WORK TO COMPLETE → Skip pictures in the listing below; copy exactly the lines from the one with "Ablative treatments with" through the one with "First up I'm", inclusive.

[[ SOURCE MATERIAL, beginning ]]

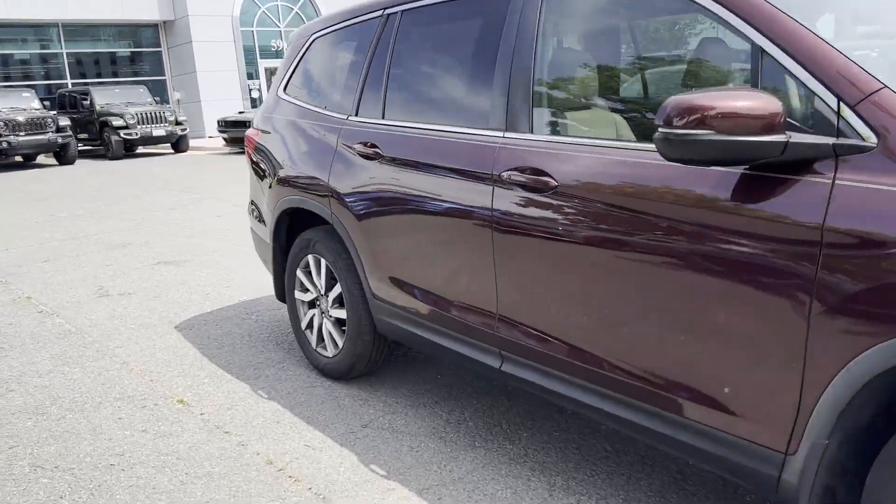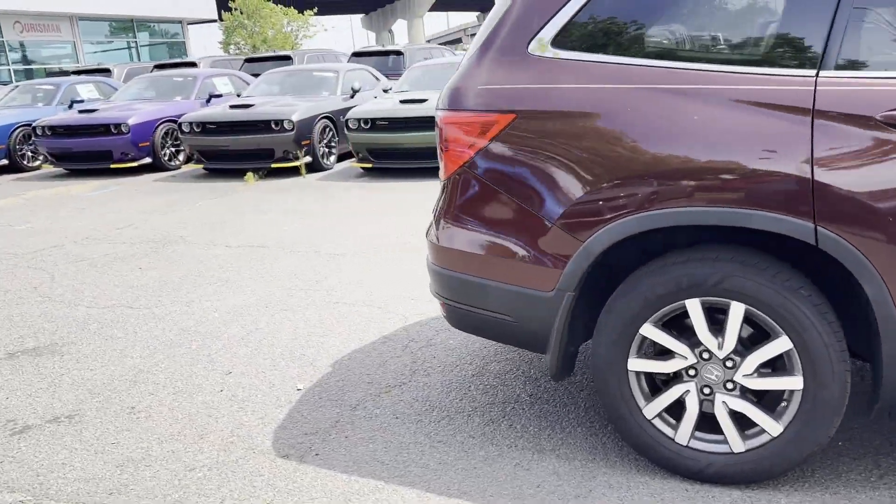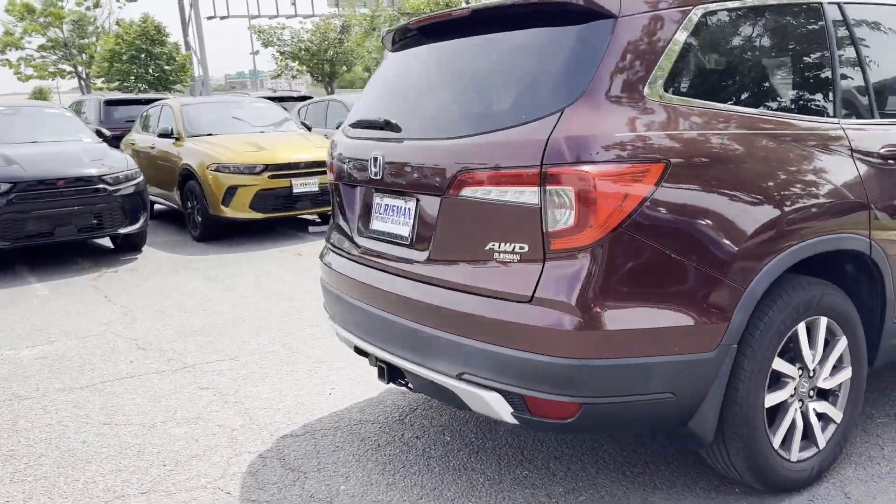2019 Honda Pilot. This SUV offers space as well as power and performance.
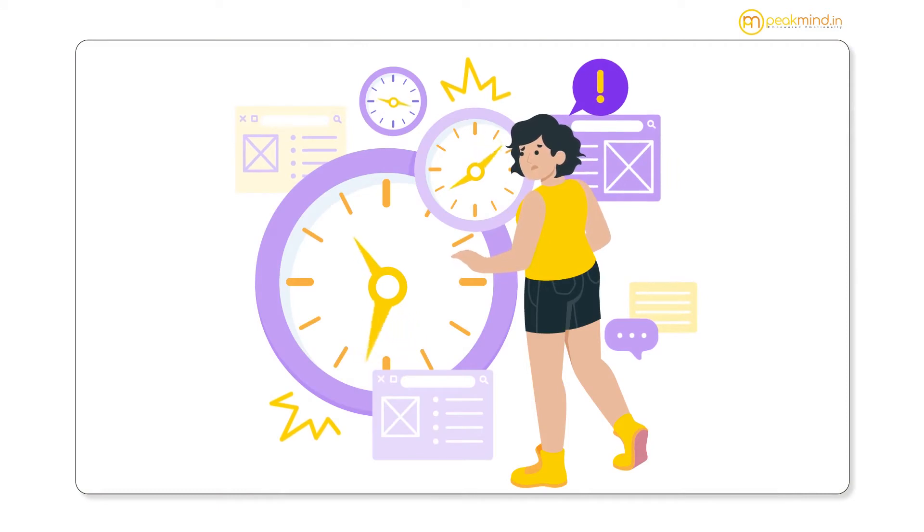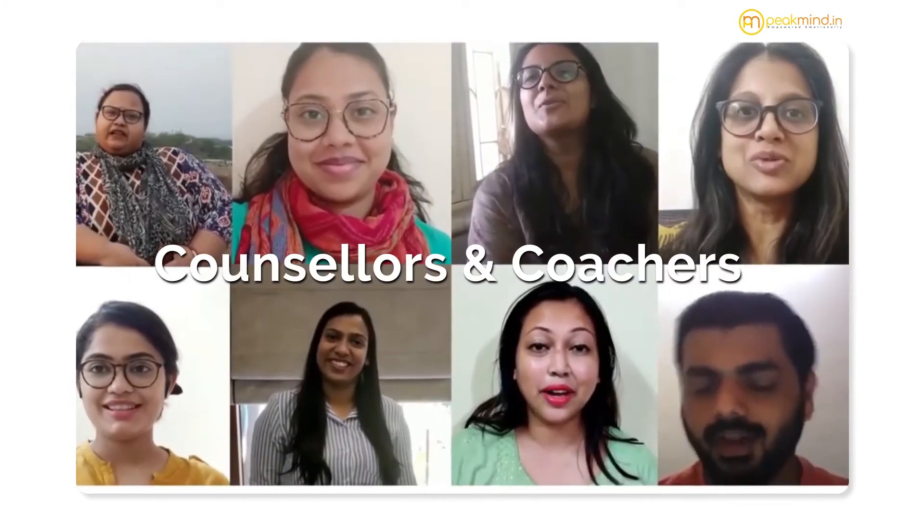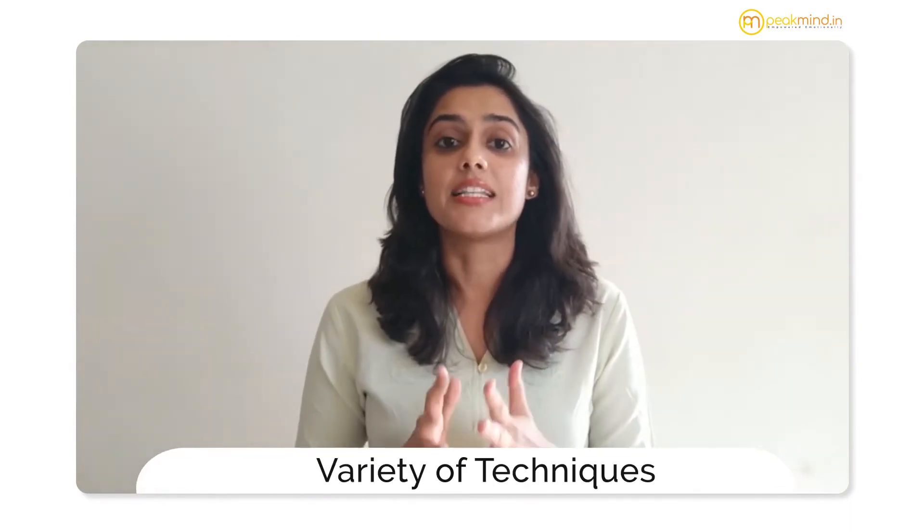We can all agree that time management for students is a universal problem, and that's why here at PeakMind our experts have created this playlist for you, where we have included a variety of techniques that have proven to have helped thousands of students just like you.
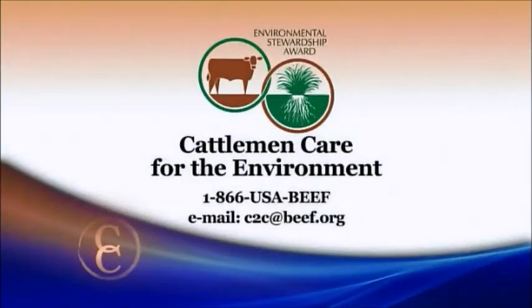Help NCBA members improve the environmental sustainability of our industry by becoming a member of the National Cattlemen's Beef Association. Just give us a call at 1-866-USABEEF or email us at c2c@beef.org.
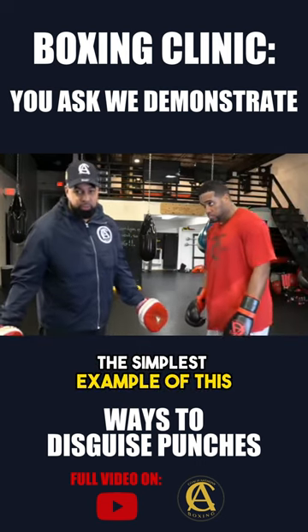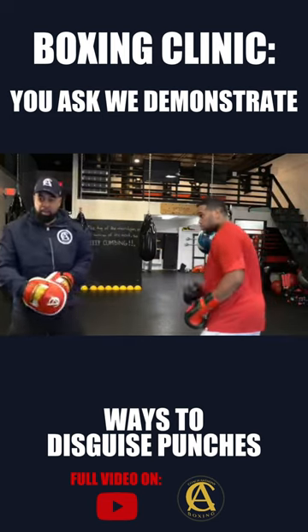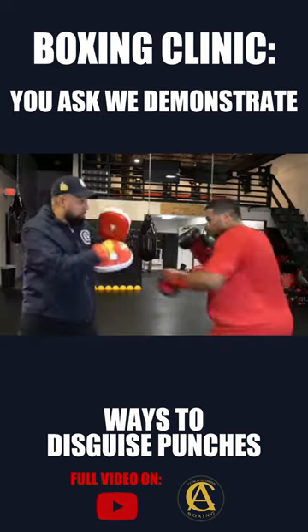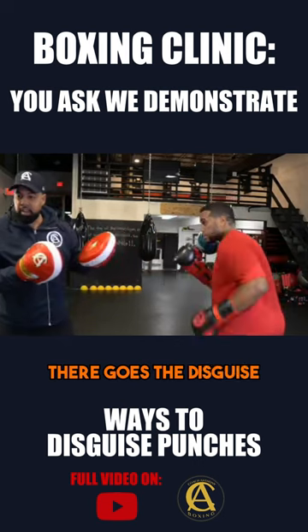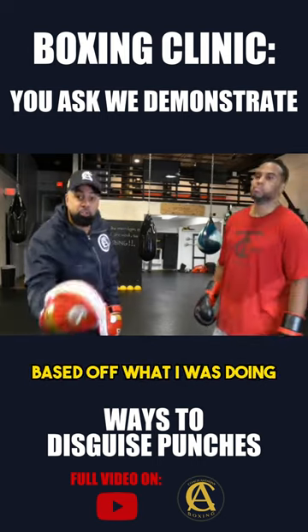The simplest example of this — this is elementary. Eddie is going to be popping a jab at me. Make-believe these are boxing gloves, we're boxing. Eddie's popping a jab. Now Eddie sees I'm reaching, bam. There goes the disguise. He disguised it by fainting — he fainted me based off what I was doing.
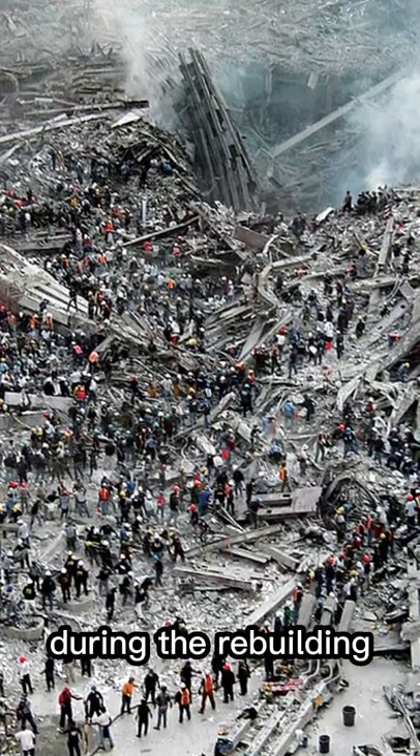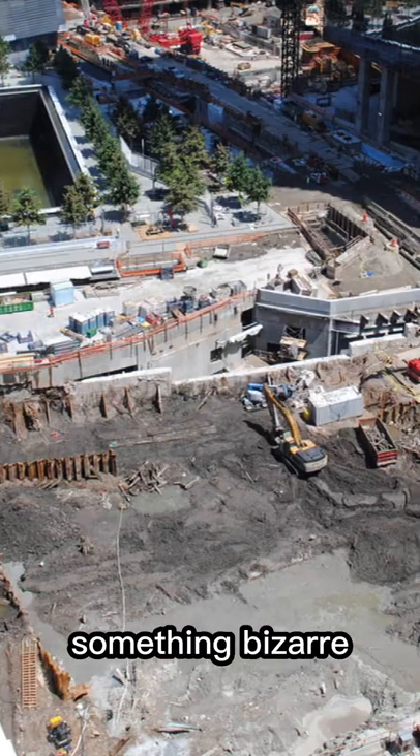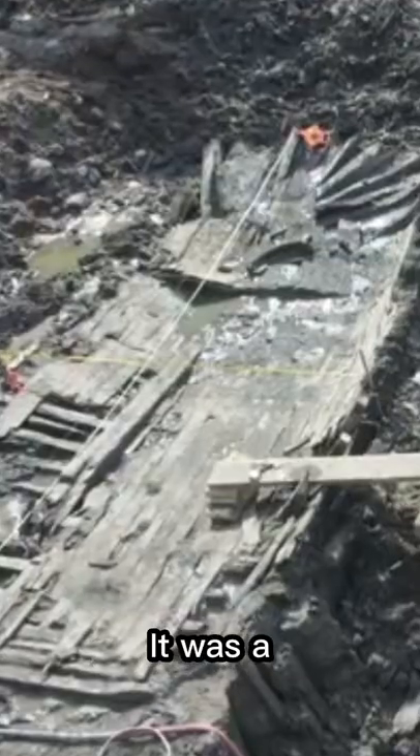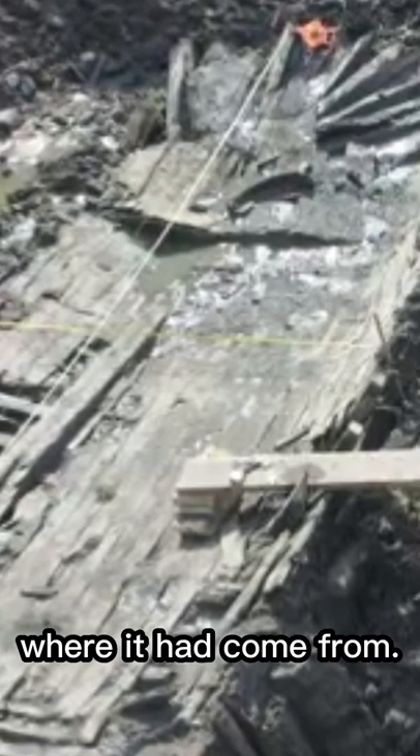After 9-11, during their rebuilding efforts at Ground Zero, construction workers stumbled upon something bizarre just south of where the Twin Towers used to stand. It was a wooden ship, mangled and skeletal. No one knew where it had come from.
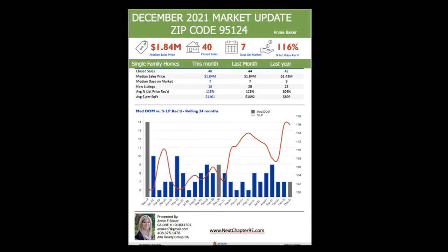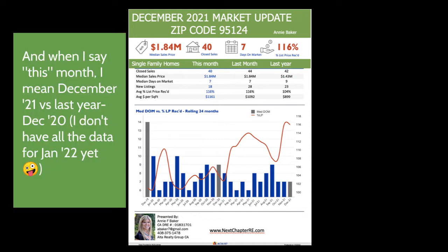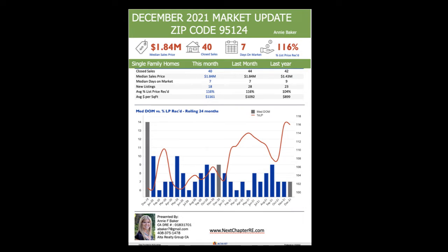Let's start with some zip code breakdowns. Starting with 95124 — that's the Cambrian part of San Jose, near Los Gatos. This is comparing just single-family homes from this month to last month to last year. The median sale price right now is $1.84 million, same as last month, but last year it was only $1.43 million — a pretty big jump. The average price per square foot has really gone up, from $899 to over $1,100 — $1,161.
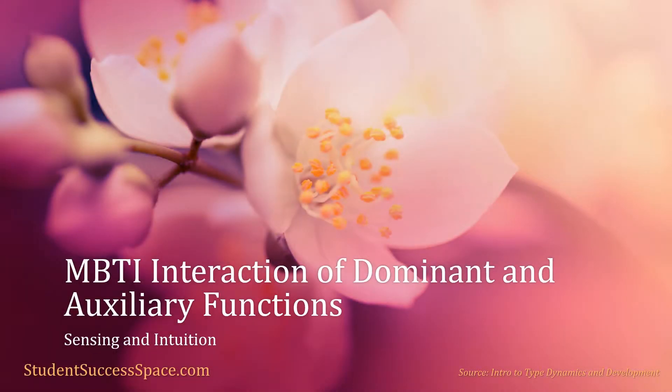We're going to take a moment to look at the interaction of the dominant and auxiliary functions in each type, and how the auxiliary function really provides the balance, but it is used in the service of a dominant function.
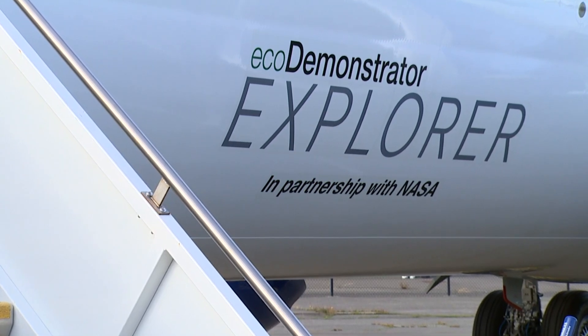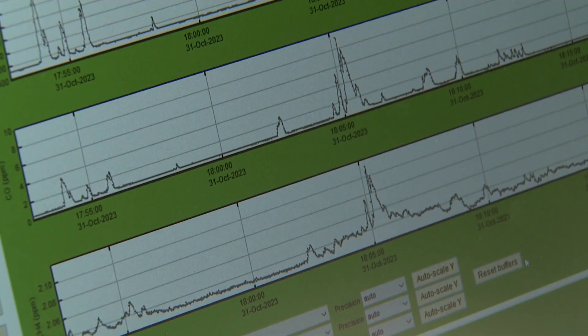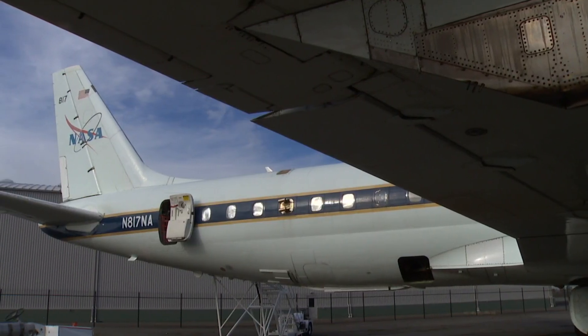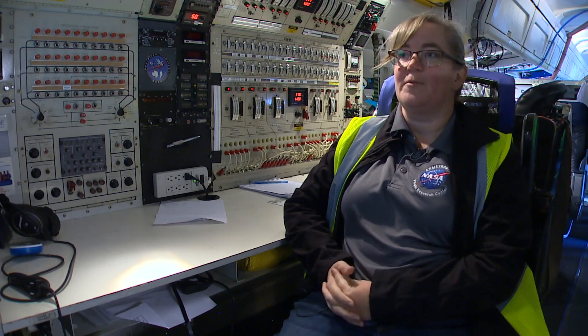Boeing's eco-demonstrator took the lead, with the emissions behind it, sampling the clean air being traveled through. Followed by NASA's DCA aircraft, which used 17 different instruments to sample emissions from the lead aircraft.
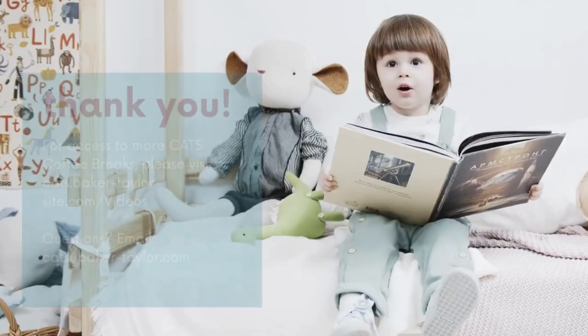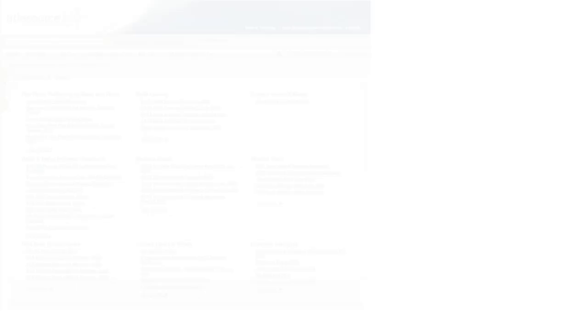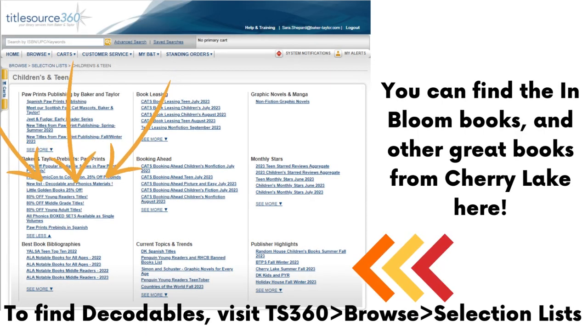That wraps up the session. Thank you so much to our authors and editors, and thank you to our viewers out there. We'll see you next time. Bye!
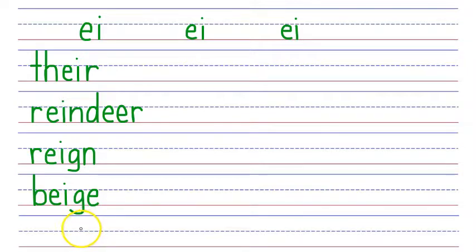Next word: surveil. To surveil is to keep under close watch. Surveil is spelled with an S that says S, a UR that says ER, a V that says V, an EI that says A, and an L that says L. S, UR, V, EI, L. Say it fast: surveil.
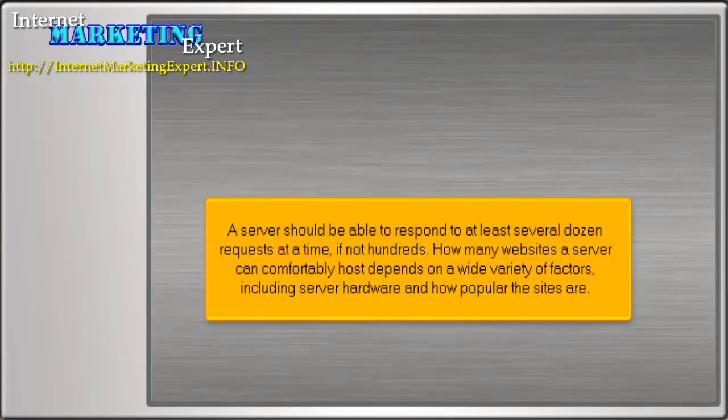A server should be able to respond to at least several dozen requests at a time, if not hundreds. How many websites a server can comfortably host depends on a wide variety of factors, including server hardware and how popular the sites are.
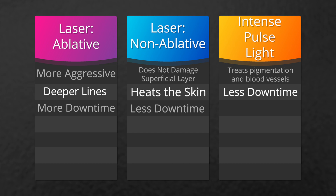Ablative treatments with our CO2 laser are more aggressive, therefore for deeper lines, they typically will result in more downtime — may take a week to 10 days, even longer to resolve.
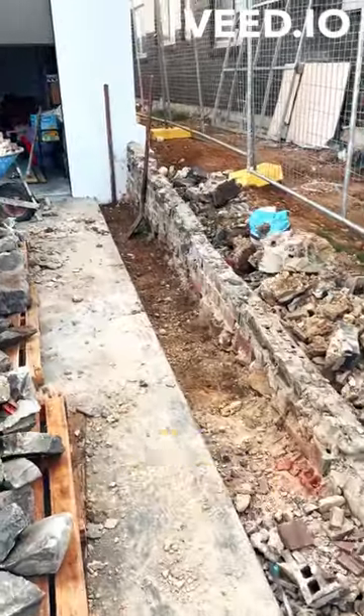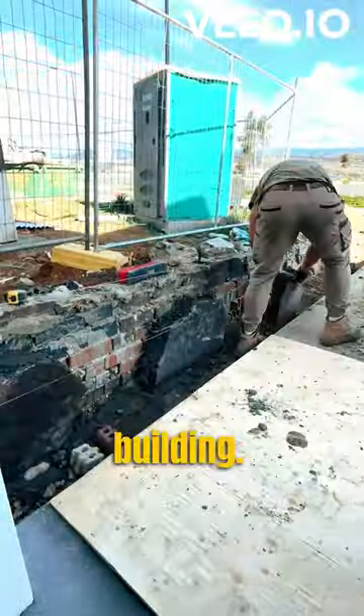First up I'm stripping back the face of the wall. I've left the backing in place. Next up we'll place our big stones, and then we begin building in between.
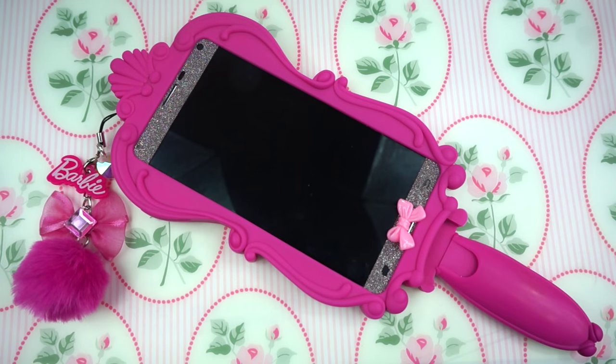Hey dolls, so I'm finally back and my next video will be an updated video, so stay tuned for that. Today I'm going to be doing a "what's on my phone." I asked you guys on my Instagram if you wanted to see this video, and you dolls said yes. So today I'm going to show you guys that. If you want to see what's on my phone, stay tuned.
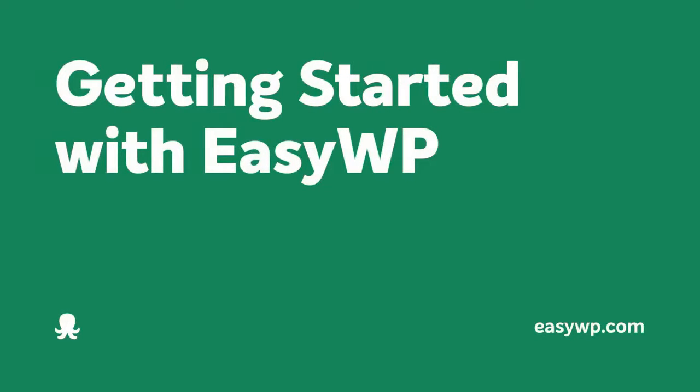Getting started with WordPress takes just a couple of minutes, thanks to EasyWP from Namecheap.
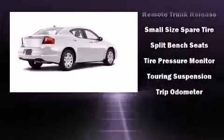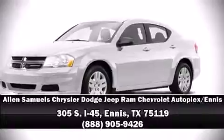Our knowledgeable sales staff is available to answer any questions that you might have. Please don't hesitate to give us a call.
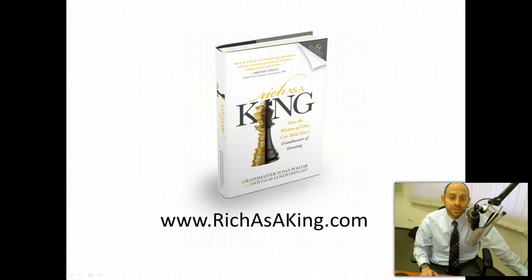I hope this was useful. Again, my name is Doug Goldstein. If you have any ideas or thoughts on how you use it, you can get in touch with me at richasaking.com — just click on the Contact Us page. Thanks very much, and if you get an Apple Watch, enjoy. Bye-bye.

[[ SOURCE MATERIAL, end ]]

REPLY TO THE TASK →
Ablative treatments with our CO2 laser are more aggressive, therefore for deeper lines, they typically will result in more downtime — may take a week to 10 days, even longer to resolve.
First up I'm stripping back the face of the wall. I've left the backing in place. Next up we'll place our big stones, and then we begin building in between.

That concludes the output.